# Devils Lake Walleye Fishing Report



## Ed's Bait (Jul 26, 2002)

Perch fishing on Devils Lake continues to be spotty, but anglers are reporting 
fairly good walleye fishing and excellent pike fishing. For perch, anglers 
continue to work the deeper water areas in Creel Bay near the Country Club and 
the mouth, the Towers area, the Casino, and the Ft. Totten/Cactus Point area. 
Hali?s, genz worms, frostees, kastmasters, raps, and other small panfish type 
jigs tipped with minnows, wax worms, spikes, or perch eyes all tend to work at 
times. Anglers are reporting marking a lot of fish, but finding active 
schools has been tougher. Walleye fishing remains quite good in the early 
morning and evening hours. Some of the better areas have been the Mauvee 
Bridge area, Bud/Old Mill bays, Doc Hagens, the north end of Six Mile, 
Rocky/Military Points, the 57 bridge, Mission Bay along the old railroad 
tracks, East Bay near the Camp entrance, and the Stromme Addition area.
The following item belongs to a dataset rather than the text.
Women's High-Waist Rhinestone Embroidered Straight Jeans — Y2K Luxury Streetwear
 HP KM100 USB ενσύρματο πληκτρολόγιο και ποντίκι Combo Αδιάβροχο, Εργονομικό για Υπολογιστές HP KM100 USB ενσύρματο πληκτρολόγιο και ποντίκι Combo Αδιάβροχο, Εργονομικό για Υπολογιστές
Try 
jigging sonars or chubby darters, or work nils, raps, kastmasters, swedish 
pimples, or buckshots tipped with minnows or minnow heads. Pike fishing 
continues to be excellent in the Lake Irvin/Churches Ferry area. Anglers have 
been using sonars, jigs tipped with twister tails, or smelt or herring fished 
on tip ups. When the fish are more active the sonars and jigs work well. At 
other times, the tip ups are the way to go. For some larger pike, try the 
north end of Six Mile Bay or the north end of Creel Bay. There?s a fair 
amount of snow on the lake but there are some trails as well. Four wheel 
drives are recommended. Good Luck & Good Fishing!!


----------